(Data extracted from a collection)
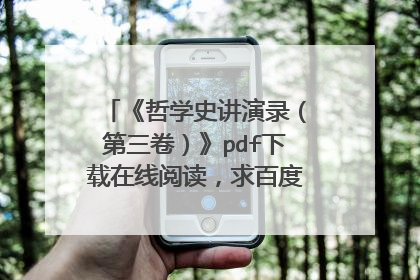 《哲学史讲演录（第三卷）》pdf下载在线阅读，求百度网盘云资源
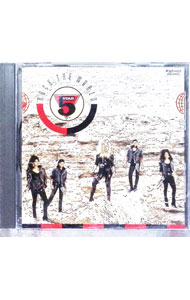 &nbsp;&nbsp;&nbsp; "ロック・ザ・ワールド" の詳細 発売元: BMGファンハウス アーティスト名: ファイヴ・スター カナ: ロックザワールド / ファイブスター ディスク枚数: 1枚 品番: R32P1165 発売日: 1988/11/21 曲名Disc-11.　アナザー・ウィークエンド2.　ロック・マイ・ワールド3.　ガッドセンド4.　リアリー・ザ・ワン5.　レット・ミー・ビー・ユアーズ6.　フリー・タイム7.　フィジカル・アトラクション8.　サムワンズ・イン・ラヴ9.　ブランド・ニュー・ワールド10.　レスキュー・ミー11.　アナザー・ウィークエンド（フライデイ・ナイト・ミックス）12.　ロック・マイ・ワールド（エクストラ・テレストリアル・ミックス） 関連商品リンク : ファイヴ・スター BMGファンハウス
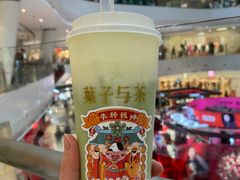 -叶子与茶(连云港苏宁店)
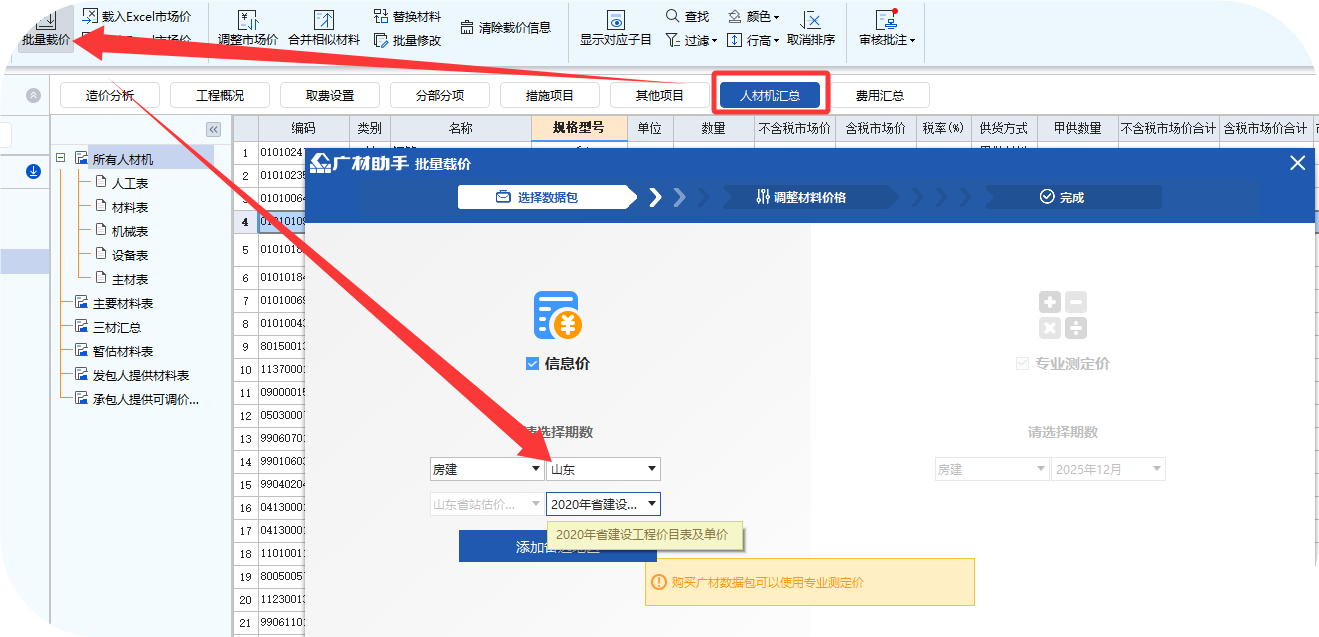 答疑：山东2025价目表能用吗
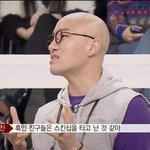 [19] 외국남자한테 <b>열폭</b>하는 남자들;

ACTIVITY =>
Every line of the data above should be repeated exactly. Omit the pictures.

RESPONSE =>
 《哲学史讲演录（第三卷）》pdf下载在线阅读，求百度网盘云资源
 &nbsp;&nbsp;&nbsp; "ロック・ザ・ワールド" の詳細 発売元: BMGファンハウス アーティスト名: ファイヴ・スター カナ: ロックザワールド / ファイブスター ディスク枚数: 1枚 品番: R32P1165 発売日: 1988/11/21 曲名Disc-11.　アナザー・ウィークエンド2.　ロック・マイ・ワールド3.　ガッドセンド4.　リアリー・ザ・ワン5.　レット・ミー・ビー・ユアーズ6.　フリー・タイム7.　フィジカル・アトラクション8.　サムワンズ・イン・ラヴ9.　ブランド・ニュー・ワールド10.　レスキュー・ミー11.　アナザー・ウィークエンド（フライデイ・ナイト・ミックス）12.　ロック・マイ・ワールド（エクストラ・テレストリアル・ミックス） 関連商品リンク : ファイヴ・スター BMGファンハウス
 -叶子与茶(连云港苏宁店)
 答疑：山东2025价目表能用吗
 [19] 외국남자한테 <b>열폭</b>하는 남자들;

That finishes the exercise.